Although an established face in the American off-road world, it was certainly not an easy road for Price on the funding side. While she races for SSV powerhouse South Racing Can-Am, rally raid an be an espcially expensive endeavour for those without factory support (a common theme among privateer riders). Brabec, a fellow American who has Honda manufacturer backing, has been vocal about his compatriots not getting many opportunities in the sport as factory support declines.

“I wanted to get to Dakar ever since 2015, and it took me this long to figure out how to do it, how to fund it,” continued Price. “Honestly, when it came down to it, I had amazing partners in my corner, but it also required a tremendous amount of funding that maybe partners couldn’t completely cover for me, especially the first year. I have to give a big shout out to BFGoodrich. They were my first big sponsor that came on and really believed in me and gave me that step to actually make this happen because I still funded half of it, and it was all my money that I worked hard over my lifetime to have, and I put towards it to take that risk on myself.

“I made sure I did every single thing I could have done to be prepared to make use of that money that I put towards this. But it was a dream of mine, and my top bucket list item is to get to Dakar. And now I added another thing: now I want to go back and win Dakar.”

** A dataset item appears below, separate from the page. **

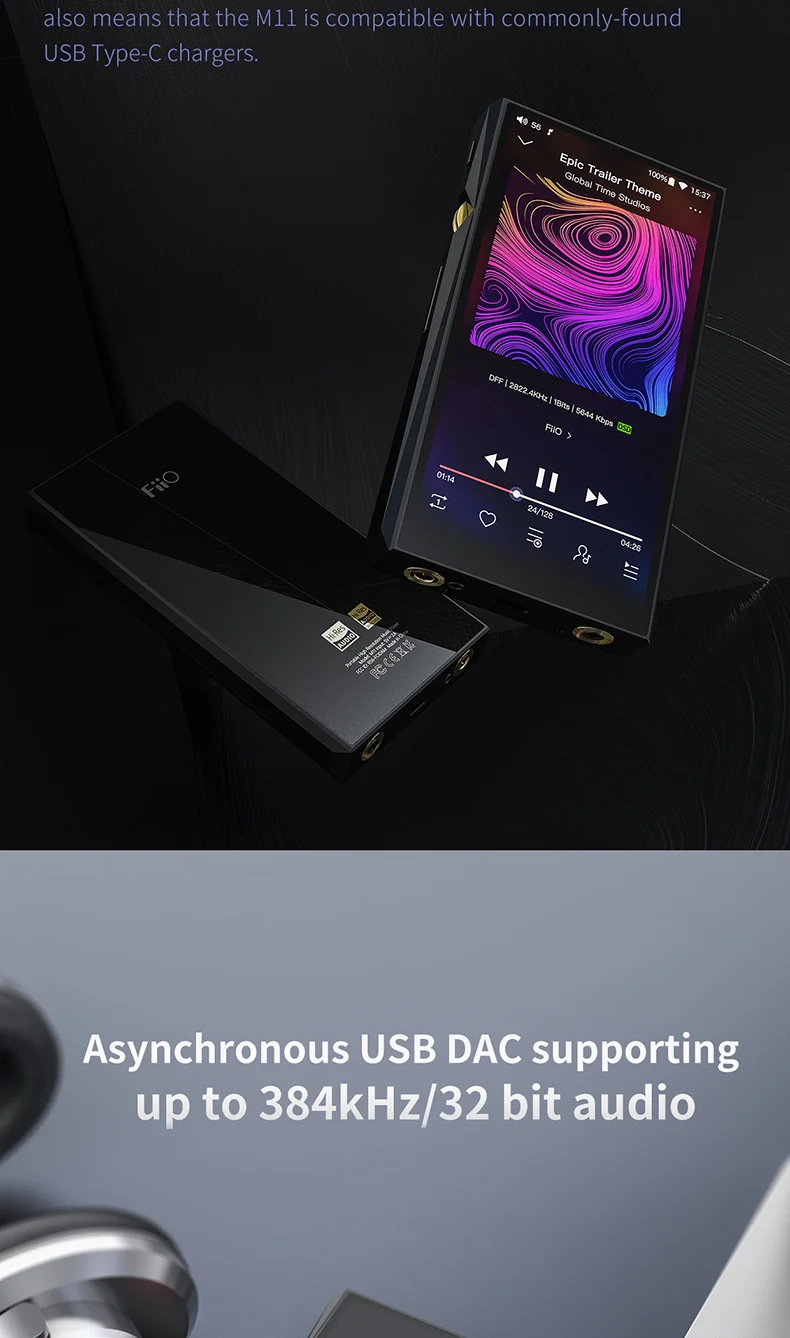 FiiO Android M11 HIFI музыкальный mp3-плеер сбалансированный выход/Поддержка wifi/Air Play/Spotify Bluetooth aptx-HD/LDAC DSDUSB DAC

Price and the aforementioned American rally raiders opted not to run the latest W2RC race, last week’s Abu Dhabi Desert Challenge, to focus on the Mint 400. However, as someone registered for the championship, she is eligible to rejoin the title battle at any of the other three races in 2024 that she chooses to enter. The next W2RC round, the BP Ultimate Rally-Raid in Portugal, runs 2–7 April.